Since each question requires significantly more computer processing compared to traditional searches, Microsoft imposes limits on the number of questions and the length of responses that Sandia can ask and receive at a time. The team did not want employees' first experience with the tool to be an error message, so they coded in small delays, shorter than an eyeblink. This strategy ensured that Sandia did not exceed Microsoft's limit by asking too many questions simultaneously, Sims said.
"The cybersecurity team was intrigued by the concept of jailbreaking OpenAI: Can you get it to tell you how to build a dirty bomb?" Sims said.
However, Vigil assured that large language models have guardrails in place to prevent such nefarious requests from going through, including synchronous content filtering and asynchronous abuse monitoring built into Azure OpenAI. Sims added that the cybersecurity team identified a few ways to circumvent these security features and shared these vulnerabilities with Microsoft. Sandia's IT checks any requests flagged for abuse, but only false positives have been identified thus far.
Responsible use
When the project commenced in October 2023, the team did not have a clear understanding of how SandiaAI would be most effectively used by employees.
"This was one of the first software projects I've worked on where we really didn't have a list of very specific business cases or targeted audiences," Grong said. "We had so many different types of use cases. That was pretty exciting."
SandiaAI is a versatile tool that can be used to generate code in several common programming languages, including those used in the development of the SandiaAI application itself. It can also assist in composing clearer emails, particularly for non-native English speakers, and refine entries in performance management forms, making it easier for individuals to highlight their achievements. Sims noted that SandiaAI experienced a significant spike in usage the day before PMFs were due in August.
"I found that this was the easiest PMF I've had," Sims said. "If I extrapolate the amount of time it saved me, I know it saved Sandia hours and hours of time and in business terms, that equates to huge money savings."
Grong said that employees have responded overwhelmingly positively to the new tool, sharing stories of how SandiaAI has saved them time. They have also expressed a desire for additional functionality.
Soon, Sandia data scientists will analyze the usage data to assess how the workforce is using SandiaAI. This data could determine how much time and money the tool is saving Sandia. Sims said that the team is working on adding the ability for people to upload their own files, which will be converted into a format that SandiaAI can analyze. This will allow for trend analysis, such as identifying the most expensive plane ticket in a year's worth of expense reports. Additionally, the team is developing the capability to generate images based on prompts and provide text descriptions of uploaded images.

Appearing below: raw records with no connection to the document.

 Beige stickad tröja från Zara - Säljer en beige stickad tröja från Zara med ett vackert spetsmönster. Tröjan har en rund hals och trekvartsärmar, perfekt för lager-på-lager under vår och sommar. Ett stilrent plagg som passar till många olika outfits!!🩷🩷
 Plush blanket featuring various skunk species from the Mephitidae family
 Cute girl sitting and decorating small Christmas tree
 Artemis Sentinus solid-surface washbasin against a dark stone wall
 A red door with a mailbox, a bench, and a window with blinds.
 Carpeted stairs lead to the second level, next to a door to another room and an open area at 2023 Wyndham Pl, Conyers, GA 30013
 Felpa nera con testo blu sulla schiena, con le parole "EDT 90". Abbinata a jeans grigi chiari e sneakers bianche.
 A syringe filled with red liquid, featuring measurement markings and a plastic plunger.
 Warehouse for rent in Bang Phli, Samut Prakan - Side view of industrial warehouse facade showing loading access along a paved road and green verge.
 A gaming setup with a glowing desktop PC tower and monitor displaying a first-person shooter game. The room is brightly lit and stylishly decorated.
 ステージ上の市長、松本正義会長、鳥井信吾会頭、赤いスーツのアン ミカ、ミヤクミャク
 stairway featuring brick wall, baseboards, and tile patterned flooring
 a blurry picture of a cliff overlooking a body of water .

"I would say I'm most excited about file upload," Grong said. "'Here's all my data: write user stories, write acceptance criteria, write a test plan.' I look to AI to replace the things that I find tedious. Having it produce something that I can just edit would save me a lot of time."
Sims agrees.
"There are so many neat things that are taking place around this technology," Sims said. "The next couple of years are going to be fascinating to watch. What we think of as black magic right now is going to be crude compared to what we'll see in the next couple of years."